Every day, we all kept our eyes on what is about to unfold right in front of us. Every day, we are filled with a variety of vague and ambivalent emotions of sadness, fear, excitement, anger, isolation, gratitude and strength. I can go on and on about everything that has been, but I know there are memories that you choose to keep to yourself and your family. I will respect that space as well-both for you and me. Just like a movie, we all played a character throughout the year and all the days that came and the days that will come. I personally saw how each one of us created our own safe bubble to make it through day in and day out.
At the beginning of the year, we were filled with so much anticipation of so many things as we are about to embark on a new journey, but then in a strange way, things are starting to take a turn from the feeling of joy to anxiety, which extended and turned from days to weeks to months.

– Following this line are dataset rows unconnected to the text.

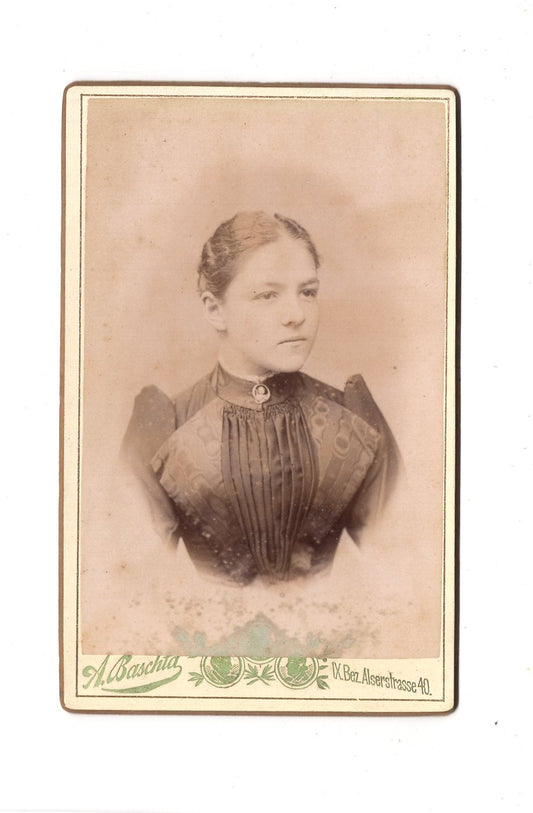 Fotografie Damenportrait - Wien 1880er / CDV C1-01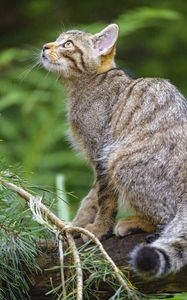 Preview wallpaper wild cat, glance, animal, tree, wildlife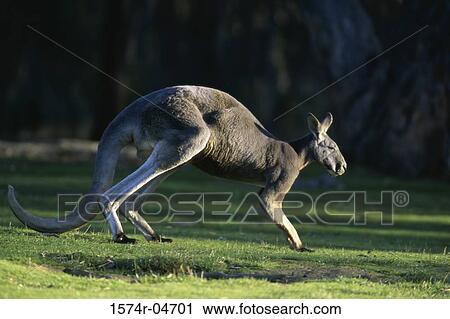Side profile of a Red Kangaroo (Macropus rufus) View Large Photo Image Stock Image - Side profile of a Red Kangaroo (Macropus rufus). Fotosearch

There were times, I wanted the nightmare to be over, but disappointingly, harsh reality starts to creep up. All of a sudden, we are all chaotically finding a way to understand what is happening. Asking questions and seeking answers for which we do not even know if we want to hear the truth about it.
Yet we did not waste time. We started to shift ourselves to become more equipped and we geared up with energy and look towards using our talents and resources that are already within our reach. We started to elevate our persona into some territory that we have chosen not to share with the world. But the more we suppressed our emotions the harder it gets and as times have changed, we started to open up a little of ourselves to show the world of finding a reason to continue the “norm” of our daily life. Some households started to show baking and cooking skills. Plant lovers spoke of their green thumb magic to care for this beautiful ornament, name it from the smallest to the biggest kind of fixture indoors and outdoors. The writing prowess of everyone came to life sharing the emotions that entangled with their ability to reach out to others, family, friends and strangers alike. Parents and guardians alongside teachers became partners to make sure learning takes place either in person or not.
There is so much more that we have discovered about ourselves, about one another. We all responded in many different ways. Call it survival instinct, I call it “strength”. Yes, you carry it in your heart and mind. You are a reflection of it. I saw that in the faces of those I met at the grocery store during a quick run-in, at the school during working hours and most of all to the people I admire most, my colleagues at the nursing bedside. I tell myself how one can still carry a smile on the most difficult of days. I cannot fathom how, but believe me, I am genuinely and sincerely grateful for all that each of you that have contributed to making this world still a place worth living.
So, as I continue the journey with all of you in a different year, time and with a renewed hope. I ask that you continue fighting for what is good, to keep showing kindness and be the heart and face of one who has been through a lot. But still, ready to respond to the call of love and understanding. Our role does not end here. Continue to build memories. There is more work to be done and our fight is not over. The long days ahead are just beginning, so embrace it, stand up and prepare for it. The next shift continues and hand it over with grace.